About this task: For the data below, report how many lines include the word "Matrix", and write nothing else.

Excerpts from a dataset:
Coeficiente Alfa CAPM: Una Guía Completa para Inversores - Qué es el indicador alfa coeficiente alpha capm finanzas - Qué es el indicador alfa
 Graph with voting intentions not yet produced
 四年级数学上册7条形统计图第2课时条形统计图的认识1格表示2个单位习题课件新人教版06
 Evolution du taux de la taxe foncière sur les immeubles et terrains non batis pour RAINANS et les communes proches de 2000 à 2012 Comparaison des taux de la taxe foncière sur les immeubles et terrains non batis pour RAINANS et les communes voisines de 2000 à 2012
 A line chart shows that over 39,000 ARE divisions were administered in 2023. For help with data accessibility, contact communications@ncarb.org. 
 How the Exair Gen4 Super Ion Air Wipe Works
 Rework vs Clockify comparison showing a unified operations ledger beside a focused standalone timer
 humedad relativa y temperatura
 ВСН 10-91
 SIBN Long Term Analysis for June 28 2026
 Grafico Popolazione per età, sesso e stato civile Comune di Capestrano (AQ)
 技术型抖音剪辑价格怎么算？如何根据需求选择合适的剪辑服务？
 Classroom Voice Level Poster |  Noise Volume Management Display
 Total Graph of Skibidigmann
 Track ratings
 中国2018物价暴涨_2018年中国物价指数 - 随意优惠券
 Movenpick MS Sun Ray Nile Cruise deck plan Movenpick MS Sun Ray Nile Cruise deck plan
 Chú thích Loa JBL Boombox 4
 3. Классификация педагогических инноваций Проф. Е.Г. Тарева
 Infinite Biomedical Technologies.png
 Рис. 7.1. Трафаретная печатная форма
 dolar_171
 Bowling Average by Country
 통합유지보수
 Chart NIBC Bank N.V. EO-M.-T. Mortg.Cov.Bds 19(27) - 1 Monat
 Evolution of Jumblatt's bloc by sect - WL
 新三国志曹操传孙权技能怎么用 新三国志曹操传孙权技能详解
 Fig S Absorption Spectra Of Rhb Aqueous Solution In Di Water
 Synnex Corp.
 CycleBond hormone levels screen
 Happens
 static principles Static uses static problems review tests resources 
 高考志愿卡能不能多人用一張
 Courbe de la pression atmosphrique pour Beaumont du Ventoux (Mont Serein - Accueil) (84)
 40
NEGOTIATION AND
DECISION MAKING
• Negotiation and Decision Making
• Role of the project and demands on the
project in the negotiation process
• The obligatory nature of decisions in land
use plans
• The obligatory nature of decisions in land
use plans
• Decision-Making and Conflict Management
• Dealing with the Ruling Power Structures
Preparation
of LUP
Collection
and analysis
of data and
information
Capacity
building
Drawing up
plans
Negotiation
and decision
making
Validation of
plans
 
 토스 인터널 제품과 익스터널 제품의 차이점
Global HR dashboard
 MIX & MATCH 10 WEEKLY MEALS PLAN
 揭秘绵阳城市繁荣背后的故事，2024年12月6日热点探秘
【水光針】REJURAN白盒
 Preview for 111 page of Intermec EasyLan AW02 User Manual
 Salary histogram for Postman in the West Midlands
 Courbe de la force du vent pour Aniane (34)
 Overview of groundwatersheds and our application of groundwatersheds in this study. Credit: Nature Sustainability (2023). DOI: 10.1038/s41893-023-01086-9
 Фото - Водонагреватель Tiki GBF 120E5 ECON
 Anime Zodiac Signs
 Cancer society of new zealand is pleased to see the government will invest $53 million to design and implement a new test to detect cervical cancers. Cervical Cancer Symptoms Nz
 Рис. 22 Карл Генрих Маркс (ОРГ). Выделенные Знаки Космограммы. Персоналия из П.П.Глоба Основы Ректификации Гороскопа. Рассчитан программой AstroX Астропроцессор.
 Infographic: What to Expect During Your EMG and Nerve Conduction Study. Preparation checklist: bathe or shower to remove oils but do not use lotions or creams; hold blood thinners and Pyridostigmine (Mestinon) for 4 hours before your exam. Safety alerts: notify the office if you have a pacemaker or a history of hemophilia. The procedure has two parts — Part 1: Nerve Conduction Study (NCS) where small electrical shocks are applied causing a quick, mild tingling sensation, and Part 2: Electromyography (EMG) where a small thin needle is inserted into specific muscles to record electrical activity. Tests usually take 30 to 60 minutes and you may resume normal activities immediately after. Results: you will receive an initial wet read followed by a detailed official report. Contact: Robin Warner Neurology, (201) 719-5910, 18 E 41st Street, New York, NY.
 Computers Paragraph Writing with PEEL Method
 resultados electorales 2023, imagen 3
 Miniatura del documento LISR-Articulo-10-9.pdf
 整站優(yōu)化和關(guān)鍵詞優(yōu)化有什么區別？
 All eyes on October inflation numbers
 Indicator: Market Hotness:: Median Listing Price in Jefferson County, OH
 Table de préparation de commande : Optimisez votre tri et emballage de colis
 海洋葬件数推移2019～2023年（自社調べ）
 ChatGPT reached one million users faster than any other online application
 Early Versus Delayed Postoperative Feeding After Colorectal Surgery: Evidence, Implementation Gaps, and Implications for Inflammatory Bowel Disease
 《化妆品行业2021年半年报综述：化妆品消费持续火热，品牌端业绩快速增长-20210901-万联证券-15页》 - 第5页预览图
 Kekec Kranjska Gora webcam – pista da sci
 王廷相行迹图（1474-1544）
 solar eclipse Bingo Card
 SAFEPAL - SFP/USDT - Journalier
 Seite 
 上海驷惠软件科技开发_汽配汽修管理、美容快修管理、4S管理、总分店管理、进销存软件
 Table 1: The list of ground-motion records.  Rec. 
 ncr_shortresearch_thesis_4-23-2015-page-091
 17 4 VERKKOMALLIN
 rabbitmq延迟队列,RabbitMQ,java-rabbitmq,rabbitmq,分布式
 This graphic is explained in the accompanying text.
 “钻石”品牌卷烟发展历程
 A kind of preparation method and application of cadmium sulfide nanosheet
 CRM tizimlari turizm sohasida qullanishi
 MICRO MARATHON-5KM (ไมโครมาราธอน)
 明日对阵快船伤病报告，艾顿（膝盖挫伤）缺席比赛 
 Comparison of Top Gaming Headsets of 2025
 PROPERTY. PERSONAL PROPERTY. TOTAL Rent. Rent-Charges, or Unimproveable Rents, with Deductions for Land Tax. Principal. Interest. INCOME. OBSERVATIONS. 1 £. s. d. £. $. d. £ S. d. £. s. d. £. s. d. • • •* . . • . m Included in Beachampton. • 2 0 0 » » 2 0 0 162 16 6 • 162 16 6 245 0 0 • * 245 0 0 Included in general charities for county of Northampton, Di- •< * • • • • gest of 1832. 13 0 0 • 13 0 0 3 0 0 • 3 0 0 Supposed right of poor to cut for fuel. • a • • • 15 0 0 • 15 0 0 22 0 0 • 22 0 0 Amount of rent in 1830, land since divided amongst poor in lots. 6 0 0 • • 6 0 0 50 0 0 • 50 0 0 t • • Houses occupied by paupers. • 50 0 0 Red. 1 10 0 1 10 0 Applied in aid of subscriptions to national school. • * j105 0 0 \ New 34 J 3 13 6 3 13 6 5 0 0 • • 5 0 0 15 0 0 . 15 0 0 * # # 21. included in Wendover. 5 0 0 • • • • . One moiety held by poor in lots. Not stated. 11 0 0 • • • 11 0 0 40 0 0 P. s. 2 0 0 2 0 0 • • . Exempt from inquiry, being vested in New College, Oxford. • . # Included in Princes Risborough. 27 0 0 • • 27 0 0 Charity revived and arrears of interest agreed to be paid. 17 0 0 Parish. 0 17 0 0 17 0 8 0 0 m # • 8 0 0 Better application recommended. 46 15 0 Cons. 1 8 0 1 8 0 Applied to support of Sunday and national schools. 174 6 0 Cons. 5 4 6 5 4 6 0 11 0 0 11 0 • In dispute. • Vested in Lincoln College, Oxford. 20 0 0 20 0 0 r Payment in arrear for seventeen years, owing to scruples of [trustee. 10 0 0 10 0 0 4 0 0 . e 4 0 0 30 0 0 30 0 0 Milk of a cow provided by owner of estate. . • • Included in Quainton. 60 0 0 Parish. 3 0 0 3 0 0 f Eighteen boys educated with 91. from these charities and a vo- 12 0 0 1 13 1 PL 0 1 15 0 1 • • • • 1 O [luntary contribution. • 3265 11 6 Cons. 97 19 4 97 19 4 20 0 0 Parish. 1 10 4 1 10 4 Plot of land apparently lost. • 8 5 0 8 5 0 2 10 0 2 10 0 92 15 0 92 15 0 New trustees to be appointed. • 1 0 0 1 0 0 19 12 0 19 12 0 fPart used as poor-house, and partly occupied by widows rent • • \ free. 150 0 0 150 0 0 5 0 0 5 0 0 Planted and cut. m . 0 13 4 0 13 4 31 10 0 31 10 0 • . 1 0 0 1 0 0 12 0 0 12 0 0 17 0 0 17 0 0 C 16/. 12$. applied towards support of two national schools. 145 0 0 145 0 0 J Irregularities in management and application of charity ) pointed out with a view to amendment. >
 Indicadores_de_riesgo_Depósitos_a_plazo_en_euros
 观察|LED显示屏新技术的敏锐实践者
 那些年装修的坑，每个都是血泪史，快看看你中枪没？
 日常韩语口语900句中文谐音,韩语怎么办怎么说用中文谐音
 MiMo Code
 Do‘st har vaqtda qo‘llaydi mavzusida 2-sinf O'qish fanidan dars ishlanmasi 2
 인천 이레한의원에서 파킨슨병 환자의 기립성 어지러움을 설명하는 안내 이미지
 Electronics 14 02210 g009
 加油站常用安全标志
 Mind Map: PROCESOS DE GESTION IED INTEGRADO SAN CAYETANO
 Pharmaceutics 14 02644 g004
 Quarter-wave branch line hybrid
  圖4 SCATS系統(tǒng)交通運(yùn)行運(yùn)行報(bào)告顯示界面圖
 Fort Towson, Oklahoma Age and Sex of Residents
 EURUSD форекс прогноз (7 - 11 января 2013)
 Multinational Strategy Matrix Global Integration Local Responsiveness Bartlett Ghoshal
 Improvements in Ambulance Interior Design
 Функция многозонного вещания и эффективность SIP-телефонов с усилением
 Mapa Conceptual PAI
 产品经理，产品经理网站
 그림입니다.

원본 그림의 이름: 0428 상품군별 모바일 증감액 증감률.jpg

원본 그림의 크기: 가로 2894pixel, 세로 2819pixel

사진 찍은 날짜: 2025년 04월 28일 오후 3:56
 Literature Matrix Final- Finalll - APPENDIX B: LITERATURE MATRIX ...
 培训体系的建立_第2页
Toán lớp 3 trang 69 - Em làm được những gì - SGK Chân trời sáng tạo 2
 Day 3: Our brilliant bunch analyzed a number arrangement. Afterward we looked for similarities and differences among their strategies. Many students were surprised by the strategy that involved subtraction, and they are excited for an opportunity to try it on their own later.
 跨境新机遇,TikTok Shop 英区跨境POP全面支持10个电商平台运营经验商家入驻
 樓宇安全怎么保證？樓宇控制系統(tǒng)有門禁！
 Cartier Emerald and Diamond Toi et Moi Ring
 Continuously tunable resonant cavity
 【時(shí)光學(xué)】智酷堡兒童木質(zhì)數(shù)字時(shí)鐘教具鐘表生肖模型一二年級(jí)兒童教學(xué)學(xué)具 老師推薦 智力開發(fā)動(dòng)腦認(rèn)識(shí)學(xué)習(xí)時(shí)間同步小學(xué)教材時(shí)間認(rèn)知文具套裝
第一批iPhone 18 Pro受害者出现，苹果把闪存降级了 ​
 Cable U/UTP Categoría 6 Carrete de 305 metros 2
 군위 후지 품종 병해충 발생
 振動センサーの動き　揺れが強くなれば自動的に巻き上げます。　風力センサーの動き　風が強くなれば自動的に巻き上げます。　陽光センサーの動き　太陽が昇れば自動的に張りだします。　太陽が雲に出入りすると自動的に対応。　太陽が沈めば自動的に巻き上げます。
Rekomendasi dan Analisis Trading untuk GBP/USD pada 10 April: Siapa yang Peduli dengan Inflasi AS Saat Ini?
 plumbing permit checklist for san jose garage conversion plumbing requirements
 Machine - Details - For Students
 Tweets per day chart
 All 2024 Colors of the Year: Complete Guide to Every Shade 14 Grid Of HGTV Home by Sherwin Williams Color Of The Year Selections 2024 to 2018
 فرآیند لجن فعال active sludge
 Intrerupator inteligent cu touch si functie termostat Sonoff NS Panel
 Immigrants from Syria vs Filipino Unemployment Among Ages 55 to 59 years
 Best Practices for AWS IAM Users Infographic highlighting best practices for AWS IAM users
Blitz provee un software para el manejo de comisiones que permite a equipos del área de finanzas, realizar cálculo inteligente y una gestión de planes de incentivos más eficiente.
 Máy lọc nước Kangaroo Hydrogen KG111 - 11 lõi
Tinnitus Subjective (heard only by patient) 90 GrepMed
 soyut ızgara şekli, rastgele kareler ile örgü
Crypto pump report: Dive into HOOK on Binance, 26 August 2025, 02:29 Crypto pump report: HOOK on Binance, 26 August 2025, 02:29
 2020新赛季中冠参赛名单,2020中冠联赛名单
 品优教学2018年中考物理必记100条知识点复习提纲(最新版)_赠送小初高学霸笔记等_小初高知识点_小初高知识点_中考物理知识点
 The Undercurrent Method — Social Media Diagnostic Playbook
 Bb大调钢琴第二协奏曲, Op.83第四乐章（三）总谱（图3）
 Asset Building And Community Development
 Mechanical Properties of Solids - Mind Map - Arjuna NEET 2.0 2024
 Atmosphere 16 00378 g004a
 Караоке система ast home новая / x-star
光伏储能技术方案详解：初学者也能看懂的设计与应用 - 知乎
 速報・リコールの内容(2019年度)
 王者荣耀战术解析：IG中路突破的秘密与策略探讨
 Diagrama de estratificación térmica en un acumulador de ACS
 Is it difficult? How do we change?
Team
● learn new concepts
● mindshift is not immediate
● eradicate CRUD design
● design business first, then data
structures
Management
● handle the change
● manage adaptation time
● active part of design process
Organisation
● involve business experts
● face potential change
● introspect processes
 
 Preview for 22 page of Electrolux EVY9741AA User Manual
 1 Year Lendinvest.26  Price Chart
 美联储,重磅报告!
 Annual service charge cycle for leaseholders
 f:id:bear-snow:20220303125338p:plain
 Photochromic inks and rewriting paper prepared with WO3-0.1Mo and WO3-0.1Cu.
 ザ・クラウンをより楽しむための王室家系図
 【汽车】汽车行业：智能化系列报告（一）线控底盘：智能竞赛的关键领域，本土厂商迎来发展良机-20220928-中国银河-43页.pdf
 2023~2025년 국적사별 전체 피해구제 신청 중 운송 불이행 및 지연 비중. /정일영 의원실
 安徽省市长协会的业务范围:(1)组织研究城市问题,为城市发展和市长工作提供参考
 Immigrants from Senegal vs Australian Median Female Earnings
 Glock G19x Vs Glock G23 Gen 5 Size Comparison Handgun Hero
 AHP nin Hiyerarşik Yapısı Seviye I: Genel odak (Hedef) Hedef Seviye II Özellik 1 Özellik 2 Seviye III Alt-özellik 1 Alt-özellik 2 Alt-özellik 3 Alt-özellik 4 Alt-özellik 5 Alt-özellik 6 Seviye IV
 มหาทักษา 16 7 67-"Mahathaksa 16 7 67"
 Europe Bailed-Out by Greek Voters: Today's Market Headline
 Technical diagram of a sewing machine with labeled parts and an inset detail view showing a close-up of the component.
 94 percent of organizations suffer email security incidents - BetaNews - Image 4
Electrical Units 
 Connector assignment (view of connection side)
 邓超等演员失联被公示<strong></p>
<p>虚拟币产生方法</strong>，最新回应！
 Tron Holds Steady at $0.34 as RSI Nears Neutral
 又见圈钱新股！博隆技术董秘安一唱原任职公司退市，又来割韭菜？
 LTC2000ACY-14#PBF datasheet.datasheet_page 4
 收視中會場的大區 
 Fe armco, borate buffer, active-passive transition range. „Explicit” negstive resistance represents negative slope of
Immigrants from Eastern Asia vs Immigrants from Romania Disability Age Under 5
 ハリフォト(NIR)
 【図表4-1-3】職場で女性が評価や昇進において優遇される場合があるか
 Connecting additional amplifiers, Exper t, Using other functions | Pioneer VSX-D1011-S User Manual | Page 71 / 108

Solved exercise: 2